Sanctuary
Middle English (in sanctuary (sense 3)): from Old French sanctuaire, from Latin sanctuarium, from sanctus ‘holy’. Early use in reference to a church or other sacred place where a fugitive was immune, by the law of the medieval Church, from arrest, gave rise to sanctuary (sense 1, sense 2).
wiktionary
From Middle English seyntuarie, from Old French saintuaire, from Late Latin sanctuarium(“a sacred place, a shrine, a private cabinet, in Medieval Latin also temple, church, churchyard, cemetery, right of asylum”), from Latin sanctus(“holy, sacred”); see saint.
etymonline
sanctuary (n.)
early 14c., "building set apart for holy worship," from Anglo-French sentuarie, Old French saintuaire "sacred relic, holy thing; reliquary, sanctuary," from Late Latin sanctuarium "a sacred place, shrine" (especially the Hebrew Holy of Holies; see sanctum), also "a private room," from Latin sanctus "holy" (see saint (n.)).

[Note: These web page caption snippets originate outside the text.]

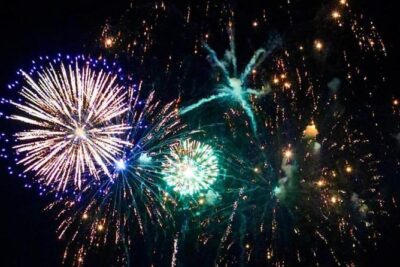 Friday Night Catamaran Fireworks Sail with Open Bar - Key things I’d bet on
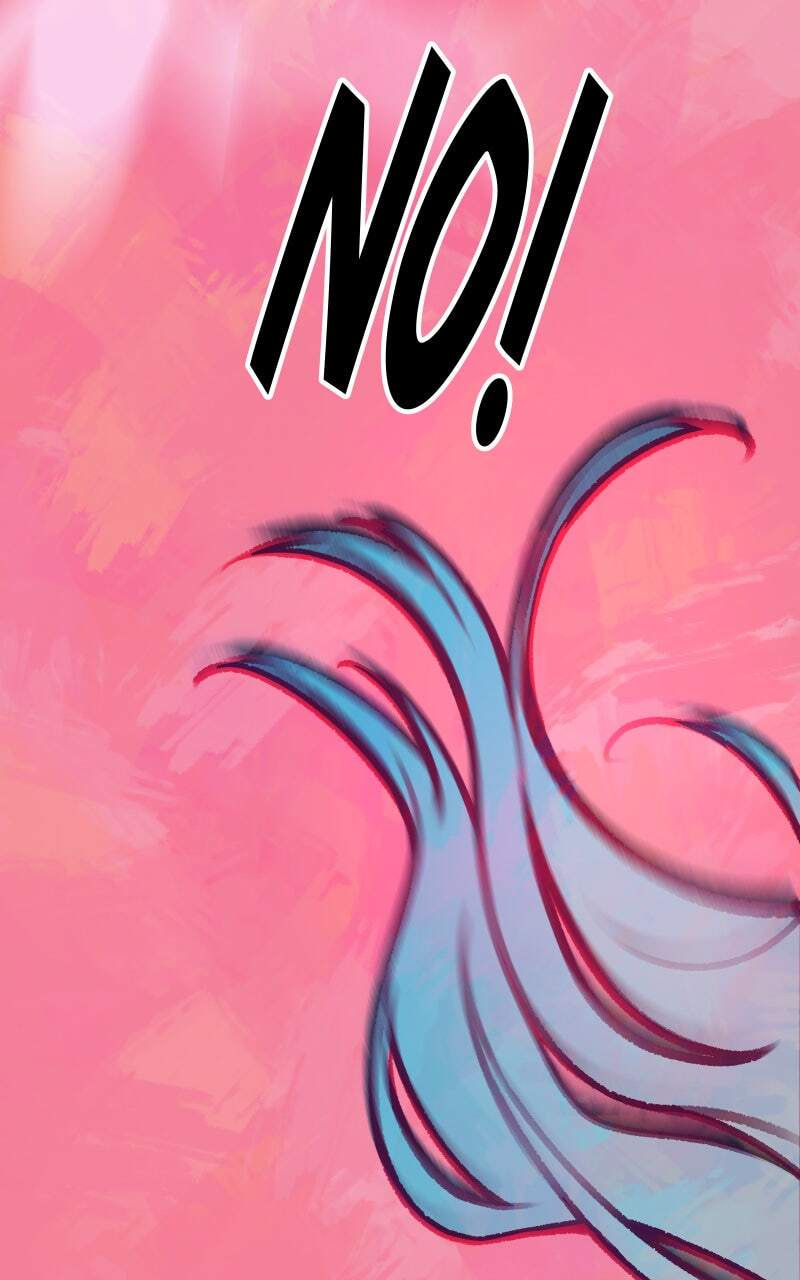 The Siren's Light Chapter 34 page 48 - 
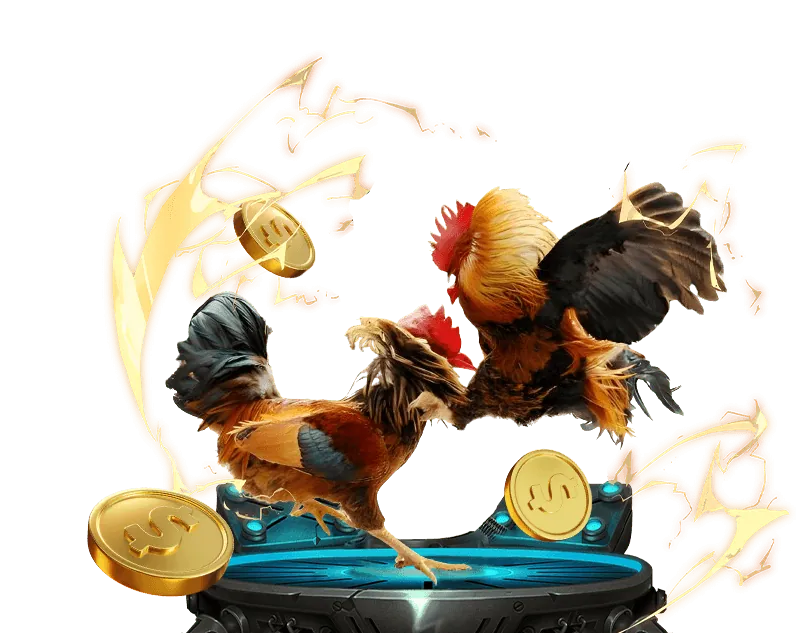 Poker Trực Tuyến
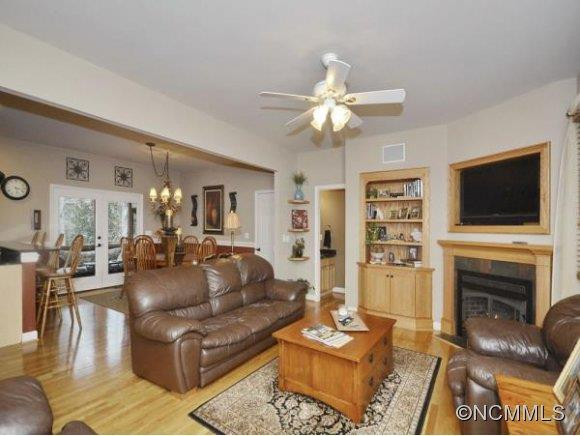 42 Corbran Drive - Photo 4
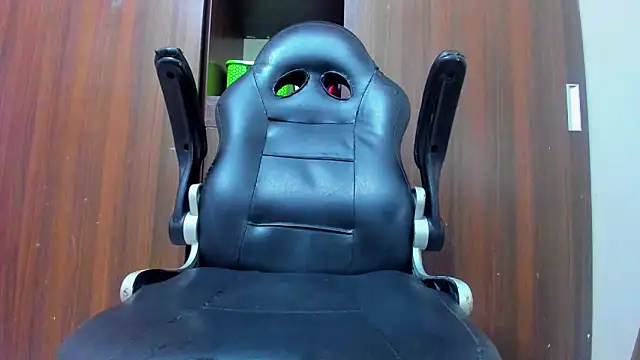 Dreamastercum  online show from 7, 4, 2026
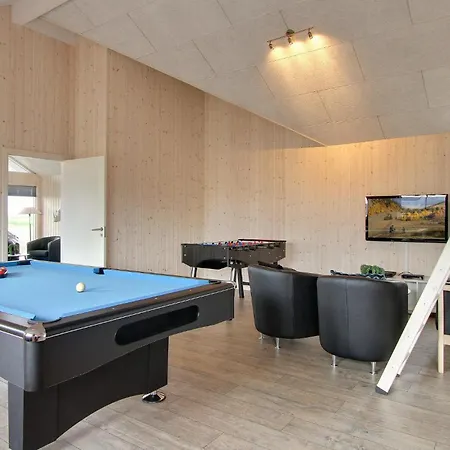 Gorgeous In With Wifi Holiday home *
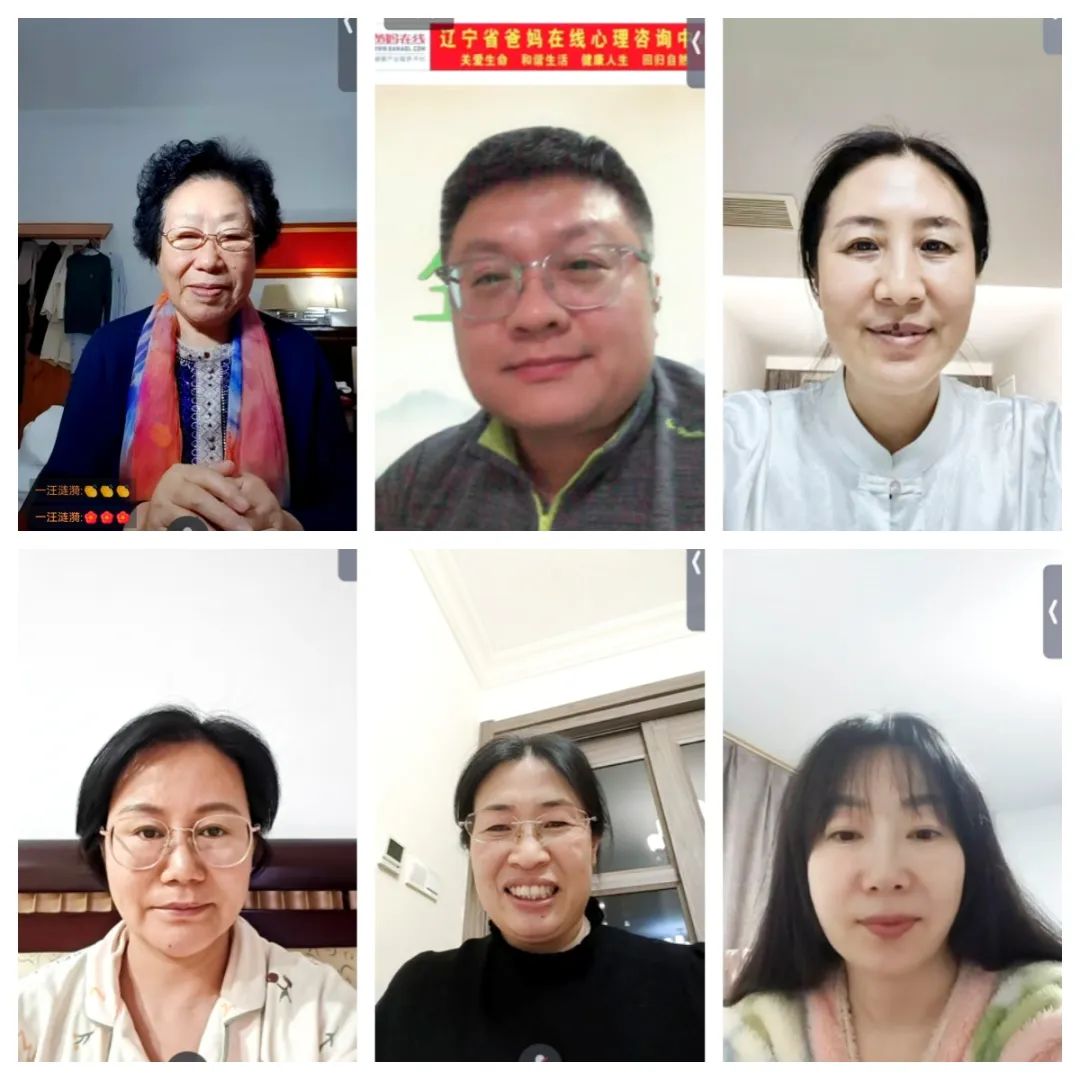 1742364466112449.jpg 1742364466112449.jpg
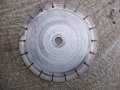 Продавам диамантен диск , снимка 5
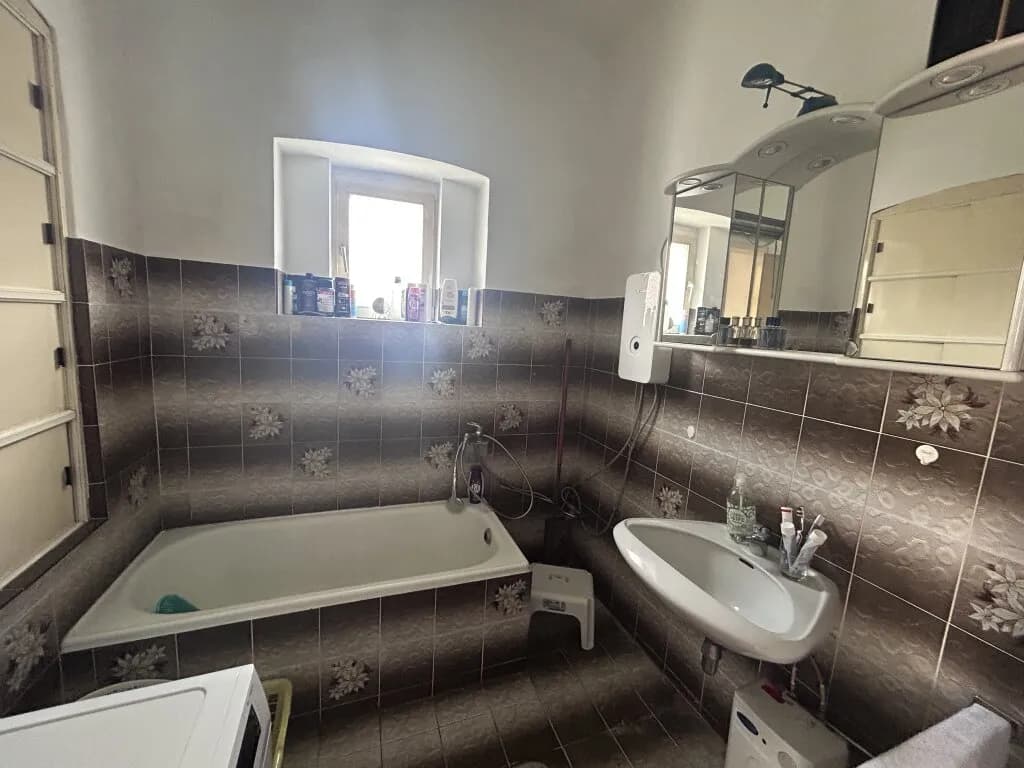 Haus kaufen in Neunkirchen – 80 m², € 139.000 – Bild 12 von 15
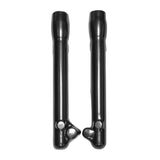 FORK GUARDS LOWER BETA EVO 80 04-23  (33mm)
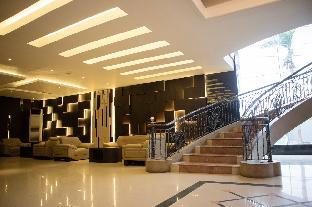 Tegal Indonesia Last Minute Discount Code Agoda.com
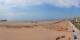 Valras-Plage Sa. 11.7.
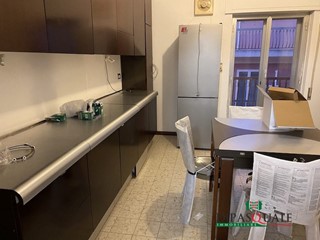 Appartamento in Affitto a Ragusa, 650&euro;, 130 m²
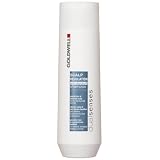 Goldwell Dualsenses Scalp Regulation Anti- Dandruff Shampoo (10 oz)
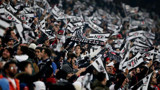 Beşiktaş kombine fiyatları ne kadar? Satışlar ne zaman sona eriyor?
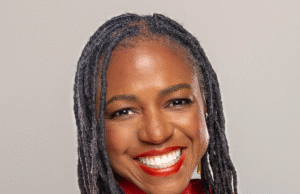 À medida que o cenário do capital de risco muda, este executivo concentra-se nos fundadores negligenciados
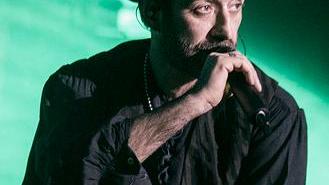 Il 2019 è già una festa con il concertone di Daniele Silvestri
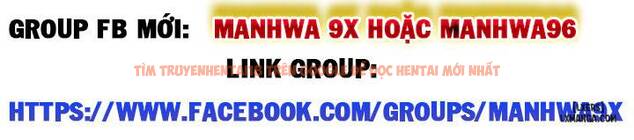 Xem ảnh 3 trong truyện hentai Chị (Noona) - Chapter 60 - hentaitvn.net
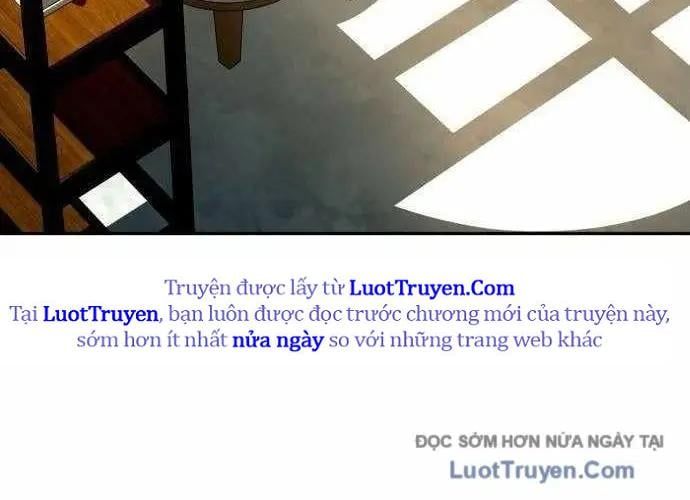 Lừa Đảo Bằng Giọng Nói Làm Đảo Lộn Cuộc Sống Của Bạn Chapter 52 - Trang 2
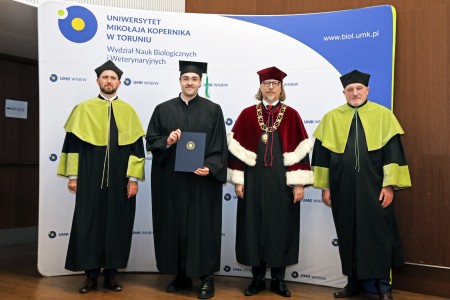 Kliknij, aby powiększyć zdjęcie.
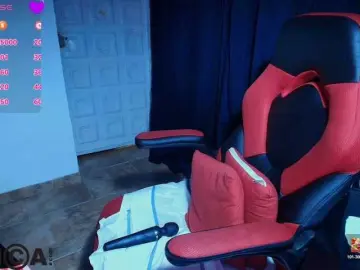 Bongacams Best Webcam of Italy-boobs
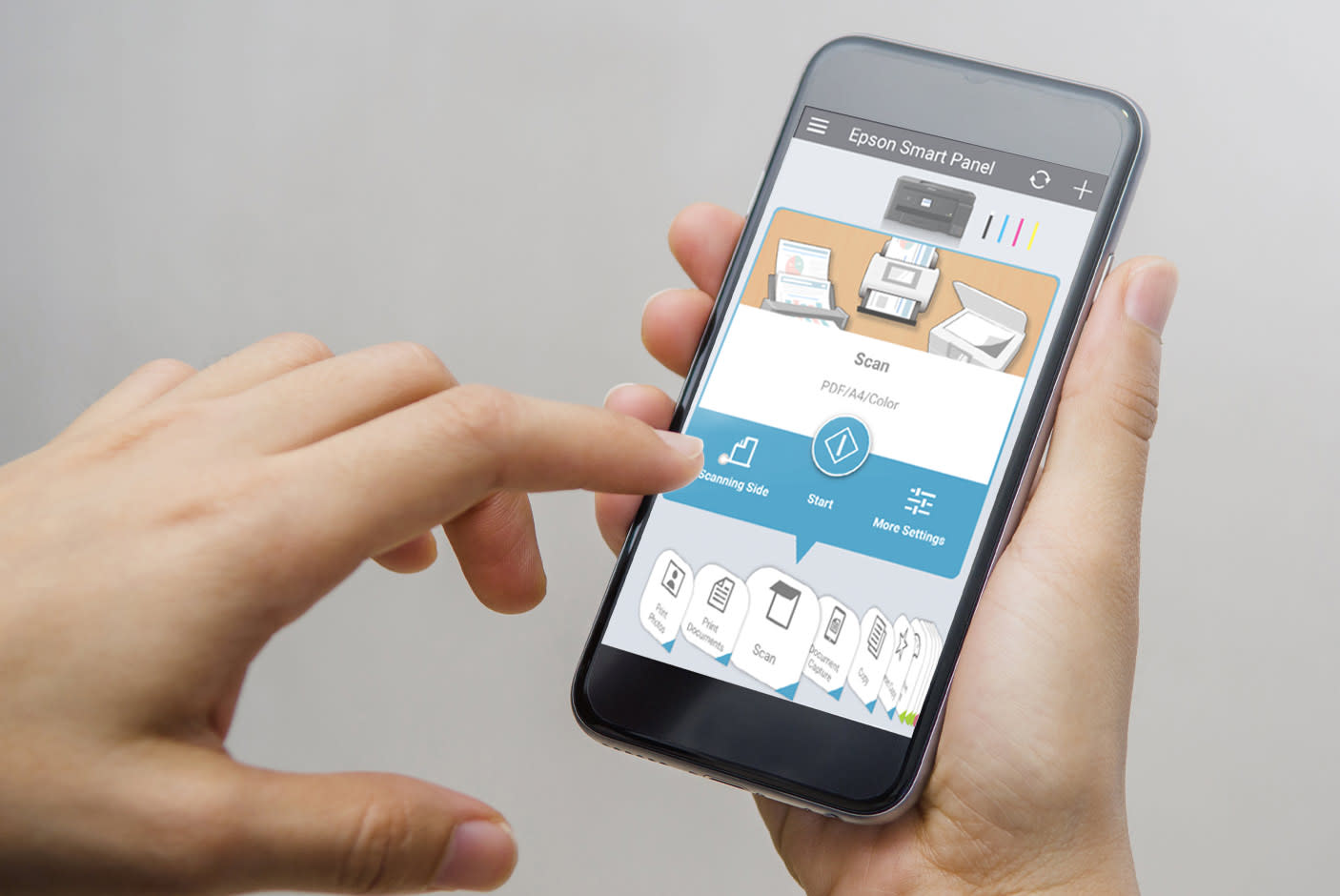 3804917_TILE2_44535e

Since the time of Constantine and by medieval Church law, fugitives or debtors enjoyed immunity from arrest in certain churches, hence transferred sense of "immunity from punishment" (late 14c.). Exceptions were made in England in cases of treason and sacrilege. General (non-ecclesiastical) sense of "place of refuge or protection" is attested from 1560s; as "land set aside for wild plants or animals to breed and live" it is recorded from 1879.